Early filming booms helped Pittsburgh build a base of talented crew members, which attracted filmmakers to the area over time, he added. The Pittsburgh Film Office reports 11 movies filmed here in 2008 and six in 2009.
Film production work is often seasonal and temporary. Emily Bosworth-Clemens, 27, of Polish Hill said she can survive for a year on wages she makes working as a scenic painter for a few months. She is one of about 125 local crew members working on "Abduction," according to publicist Will Casey.
"It'd be totally different if it was all outside crews coming in and just dropping money on hotels," Buba said. "A lot of people working on films are living in neighborhoods like Lawrenceville and bringing back the neighborhoods."
Filming offered a diversion for people who live near Osage Road in Mt. Lebanon, where filming of Lautner's "Abduction" has taken place, said Susan Morgans, spokeswoman for the municipality. The filming has not brought any measurable economic benefits, she said.
"There's more of a nice (public relations) value, and it's fun for our residents," Morgans said.
Customers at Scoops on Beverly in Mt. Lebanon discussed their search for the teen heartthrob Lautner, said the ice cream shop's owner, Mike Collins.
"I don't know if it increased business, but people were talking about it," Collins said.
Although businesses and municipalities do not track the film industry's influence on the economy, film offices in Pittsburgh, Philadelphia and Lancaster keep statistics. The Pittsburgh Film Office reported the industry generated $100 million in 2009, based on surveys of production companies about the amount spent on rental cars, hotel rooms, food, security, personnel and other expenses, Keezer said. The Greater Philadelphia Film Office reported that filming in southeastern Pennsylvania in 2009 generated $598 million.
"The film industry is not a luxury," said film producer Adrienne Wehr, 48, of Regent Square. "It is an economic generator. It puts people to work, and it brings millions of dollars into our state."
The Department of Community and Economic Development is required to provide an economic analysis of the film tax credit to the General Assembly every September. The Legislative Budget and Finance Committee hired a consultant to complete a report in May 2009.
"It wasn't a slam-dunk," said Philip Durgin, executive director of the committee. "It wasn't obvious whether it was a positive or not."
The report's two main findings contradict, Durgin said. It found the state suffered a net loss of $40.3 million in tax money from projects that received the tax credit in fiscal year 2007-08. But the state's entire film industry generated $4.5 million during that time.
"For the most part, it was viewed as a positive for continuing the tax credit at some level," Durgin said.
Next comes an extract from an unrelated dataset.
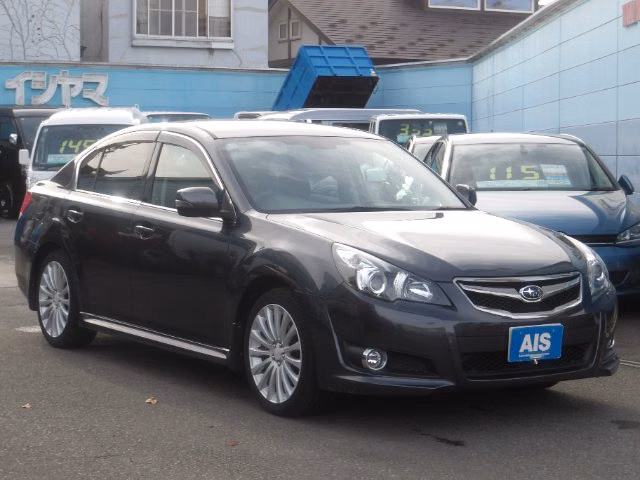 Subaru Legacy B4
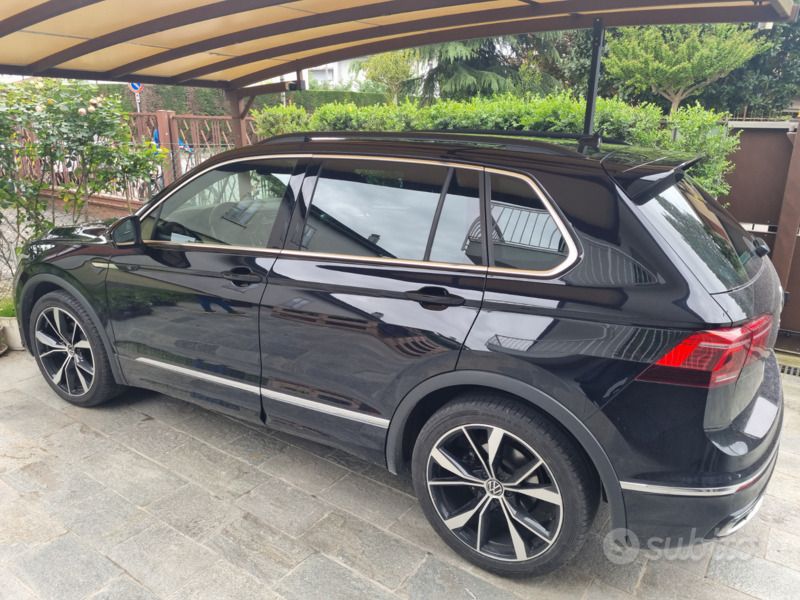 Usata VW Tiguan R-line 150 CV (110 kW) 2023 Nero SUV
The report did not establish a cause-and-effect link between larger tax credits and more film production in the state, said Benefield, the Commonwealth Foundation's director of policy research.
"The main problem is it rewards companies for what they would have done otherwise," Benefield said.
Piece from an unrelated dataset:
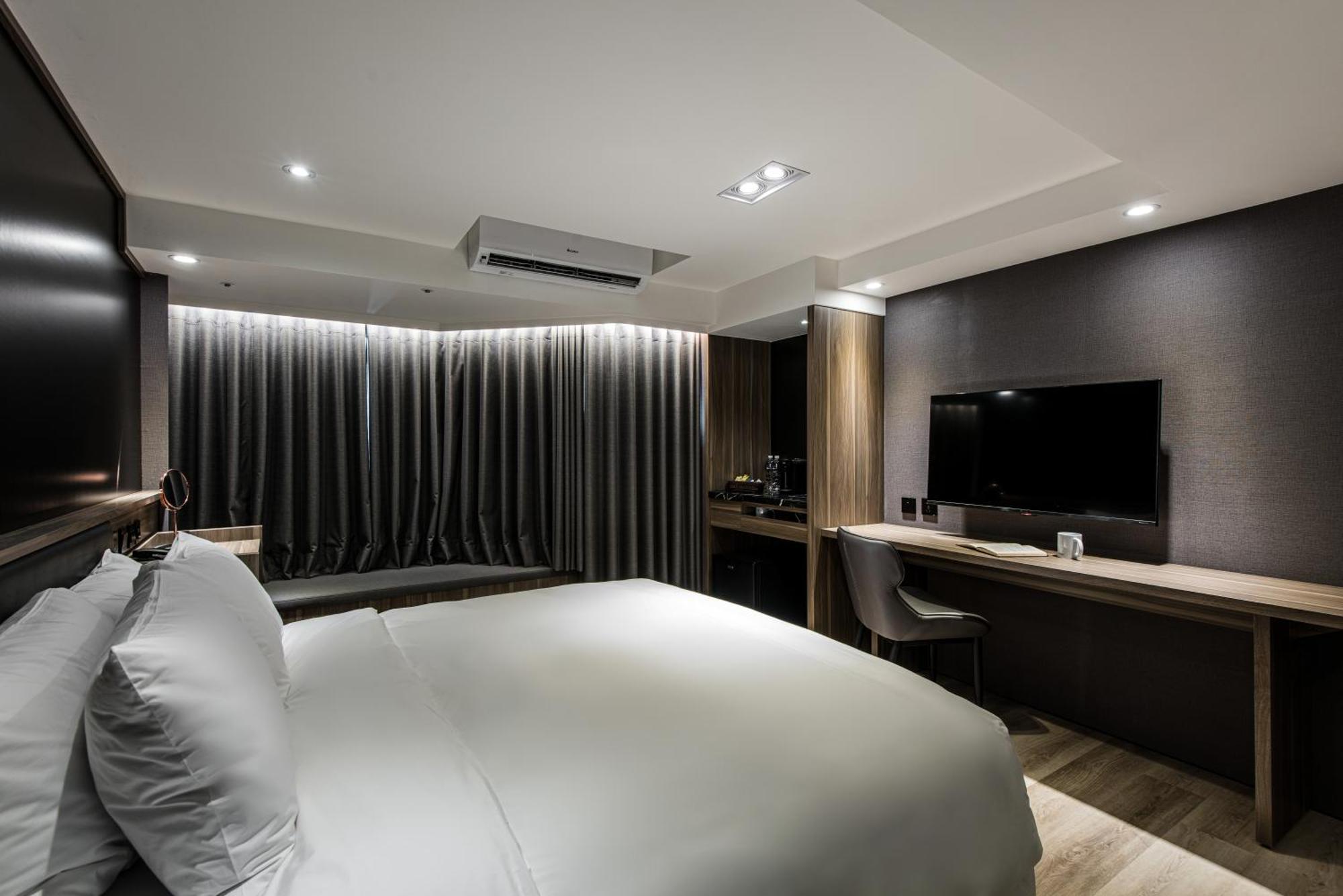 Autumn Willow Hotel Тайчжун Екстер'єр фото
Because Pennsylvania is one of more than 40 states that offer such credits, continuing it keeps the state in a costly race to offer the best incentives to Hollywood producers, said Jake Haulk, president of the Allegheny Institute for Public Policy in Castle Shannon.
The middle of the state is not seeing the same spike in filming happening in Pittsburgh and Philadelphia, said Jay Ingram, president of the Lancaster Film Commission. Lancaster usually hosts two major films a year, but none so far this year, he said.
The tax credit should be rewritten to favor independent filmmakers who live in the state and not major Hollywood companies, Ingram said.
The amount available for film tax credits is set to increase from $60 million to $75 million on July 1, unless legislators change the amount, said Arlene Ashton of the Department of Community and Economic Development, which doles out the tax credits.
"Film, no matter what, is still economics, no matter how much of the art form is involved," Buba said.